We are learning about quantity - we do not need 25 quarts of pickles at our house.
For us - about 25 quarts of tomato sauce in storage (not counting what we make fresh in season), 5-10 quarts of salsa, 5 quarts of frozen cherry tomatoes, 5 quarts of edamame is plenty, 20 pints of jam/jelly (We have three kids!), 3-4 quarts of pickles (that one year drove it out of us), and so on and so forth.
We also add giving to growing. We visit our neighbors on winter solstice with loaves of bread and jars of jam. We take jars on our journeys, sharing with those friend and family that live near great vacation spots, but have nothing like our Kentucky garden.
Our pesto demand may change as the kids' taste buds mature toward adulthood, and we are ready. Right now we leave the mounds of extra basil in the front garden - seed is cheap, it smells wonderful, and the frost-killed, blackened stalks are a perfect backdrop for our Halloween party.
Planning Steps
- Estimate or even track how much your family consumes of the things you want to grow
- Does this reflect how much of those things you want to consume? For instance, we don't eat pesto when we don't grow it - it is very expensive for our budget, or when I know I have a lot of beans to work with, we eat them because they are healthier than other types of proteins.
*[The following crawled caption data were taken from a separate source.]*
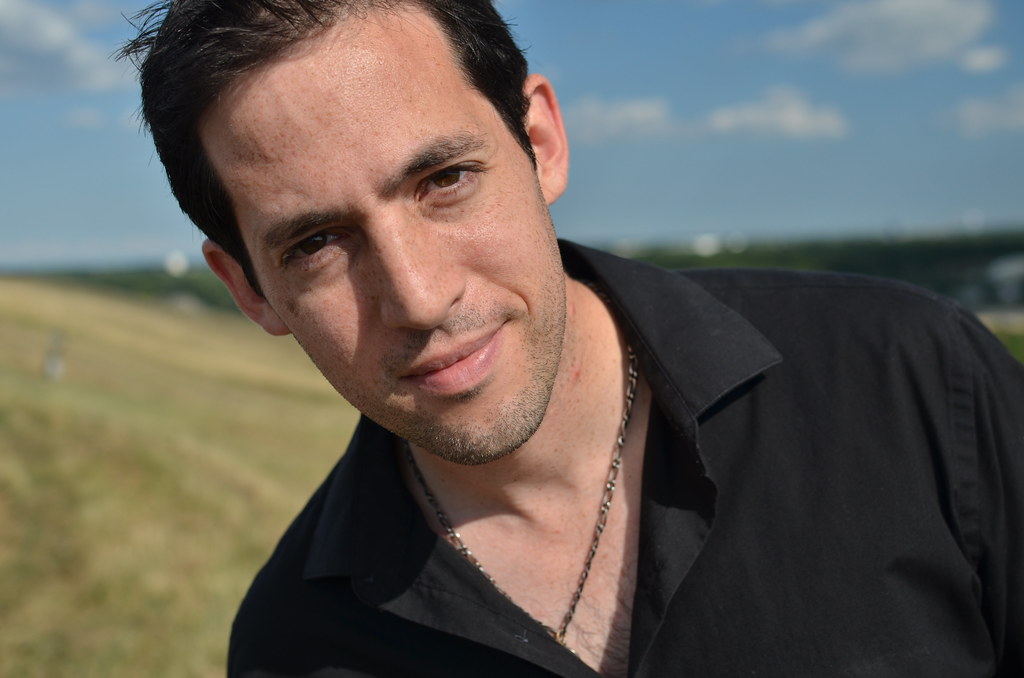 Michael Kappel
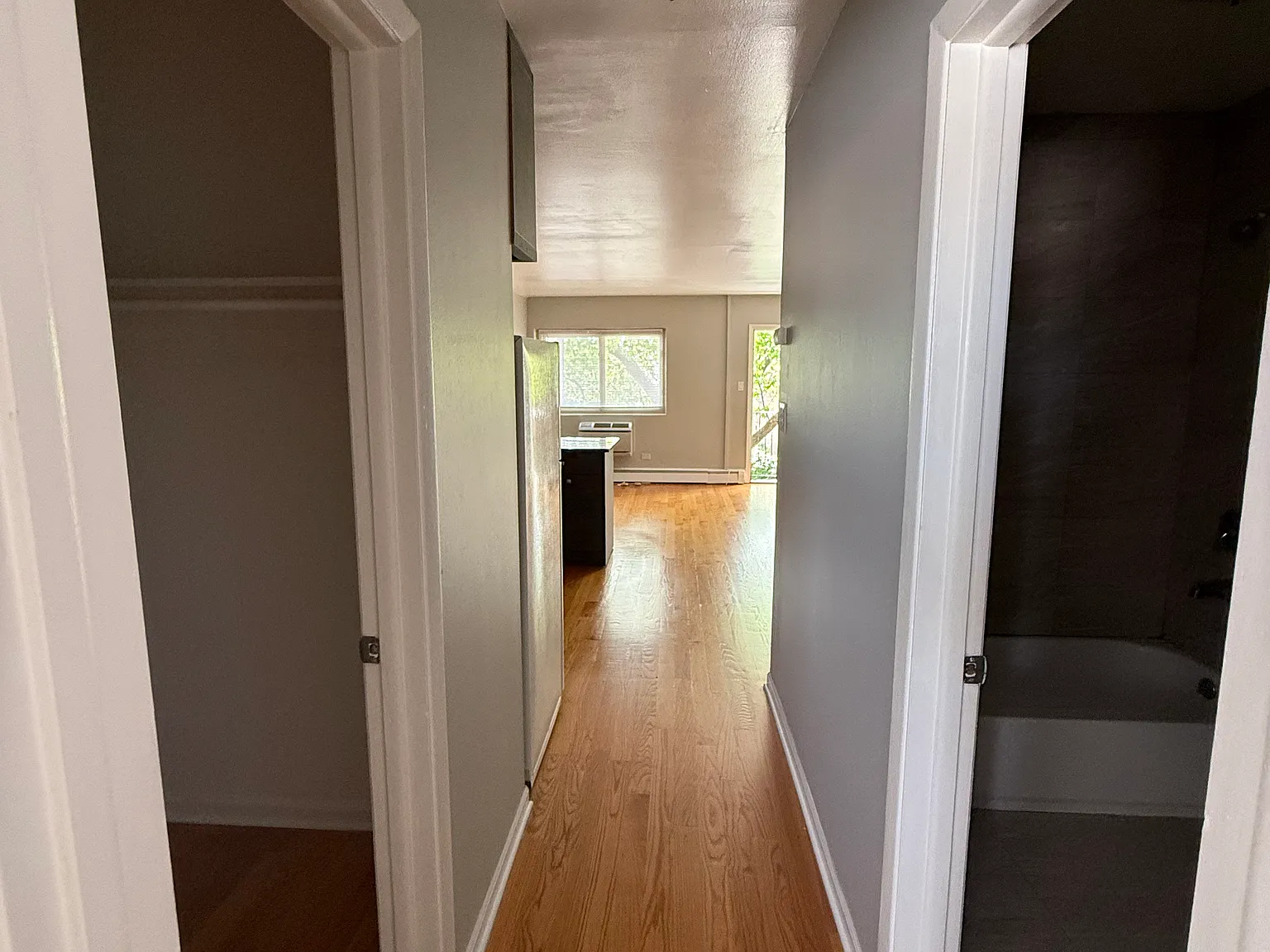 1 bed, $1,550 — Photo 4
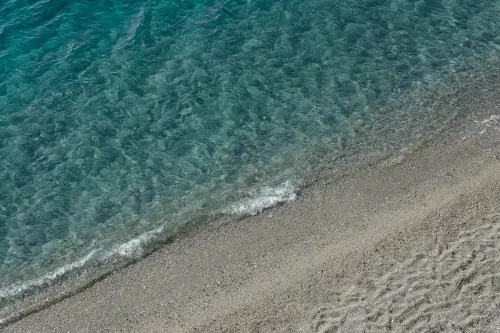 Grosseto, spiagge libere attrezzate: affidata la gestione per l’estate 2026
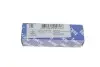 Свічка розжарювання MB OM615-617 (9V) (M18x1.5/10s) (з пальчиком) ISKRA 11721007 (фото 4)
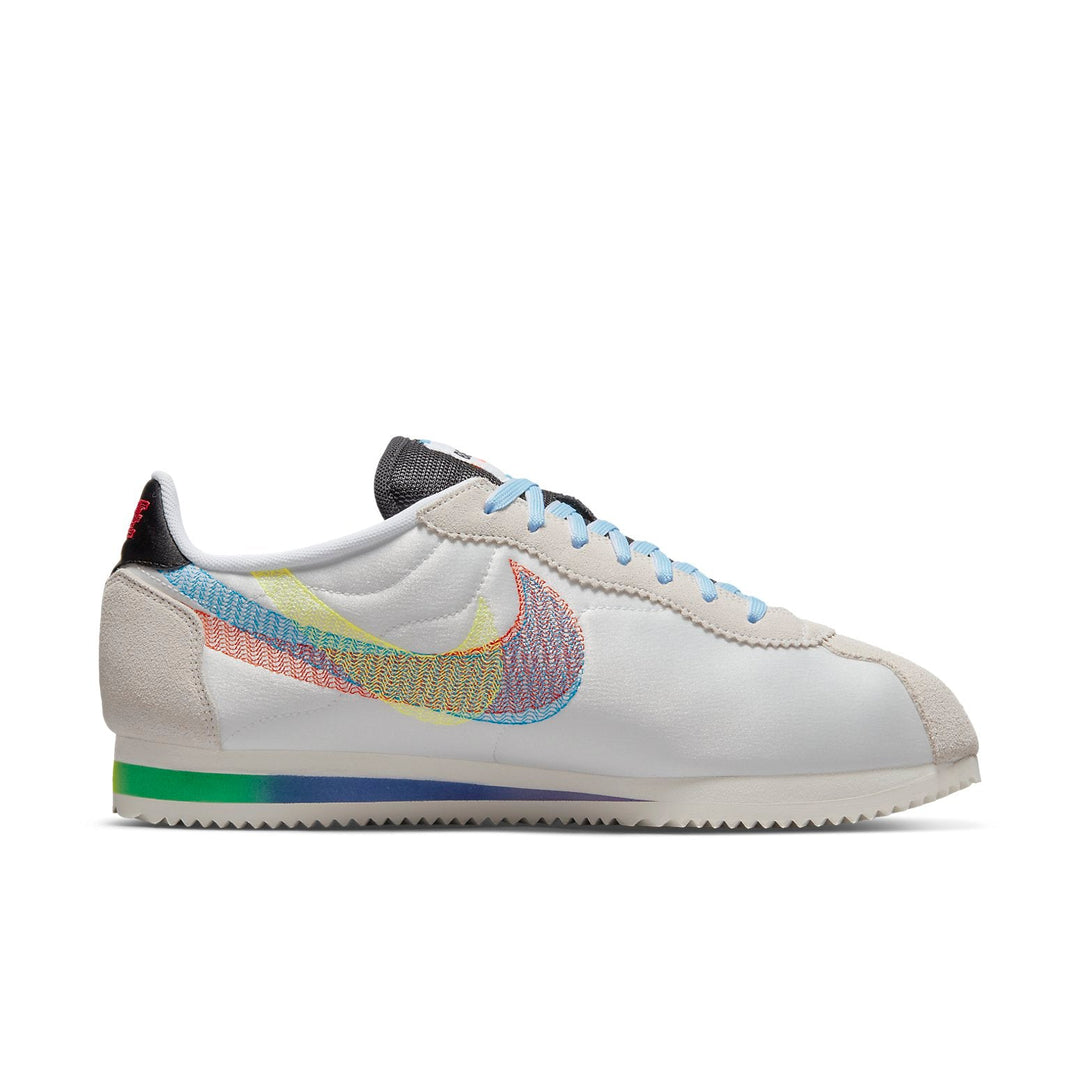NIKE CORTEZ BE TRUE 2022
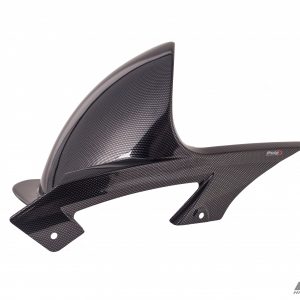 PUIG HUGGERCARBON LOOK 12-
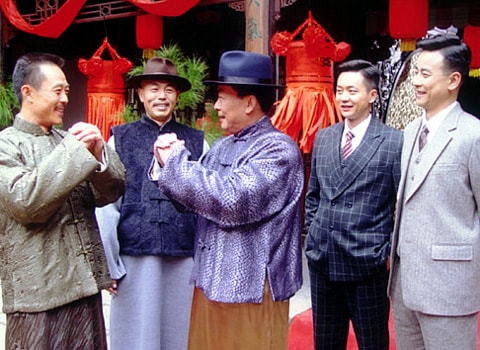 http://www.119127.cn/pics/default/download/cdb4569a347aef8ca598ed417aac4ef5.jpg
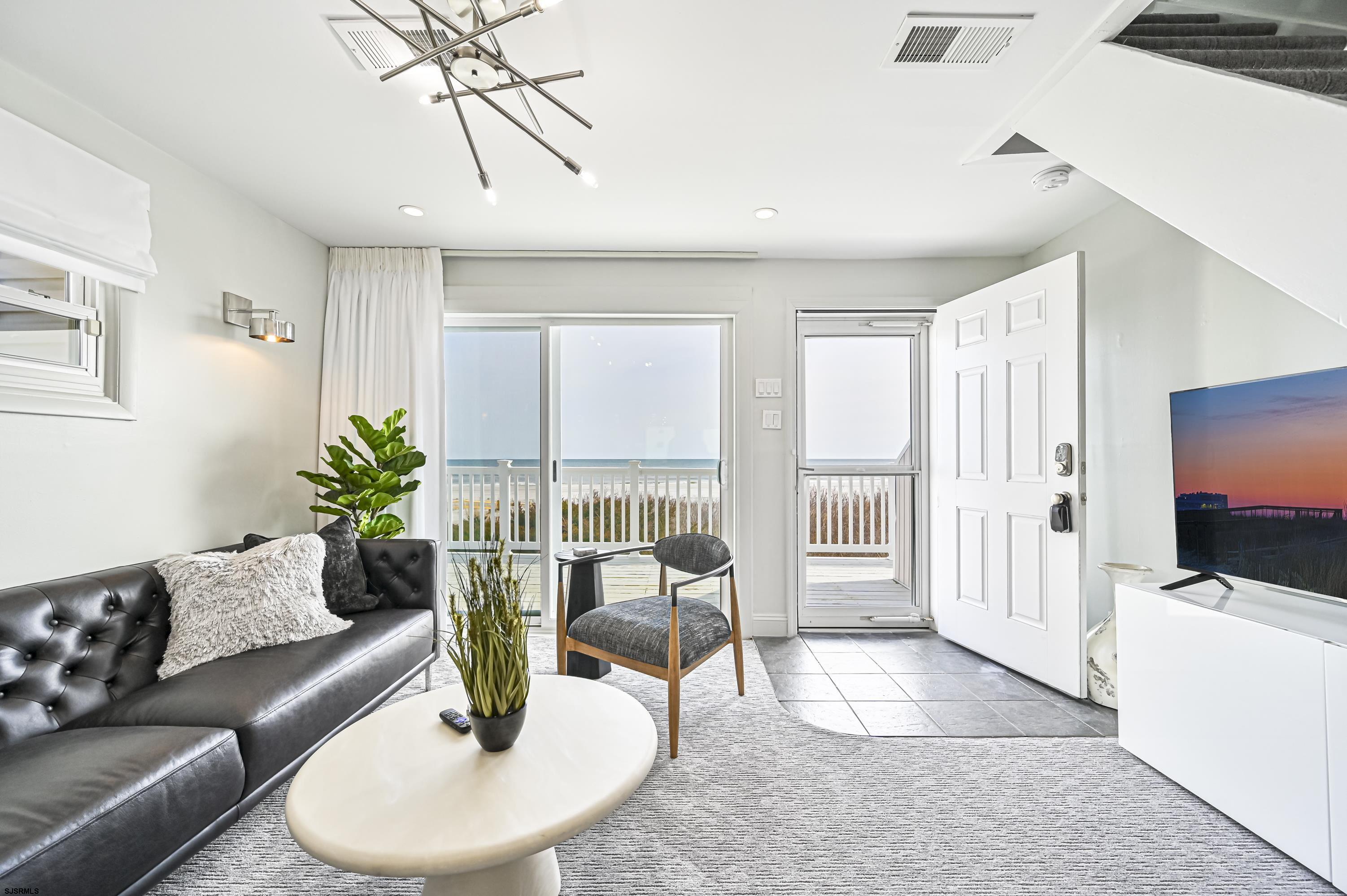 Residential Lease in Brigantine 5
- Decide how you will store these foods - in the ground, root cellar, canned, frozen
- Make sure you have storage available. Sometimes you can improvise - when we ran out of cans one year, I started freezing.
- Choose produce varieties good for what you need to do with them. Paste tomatoes for cooking down, meaty tomatoes for drying. . .
- Decide how many pounds you will need to produce to meet your families' needs. You can find great plant-yield ratio materials easily.
- Create your garden plan, including dates to start seeds, plant outside, and estimated dates of harvest. It's hard to put up a year's worth of strawberries, if you are on vacation!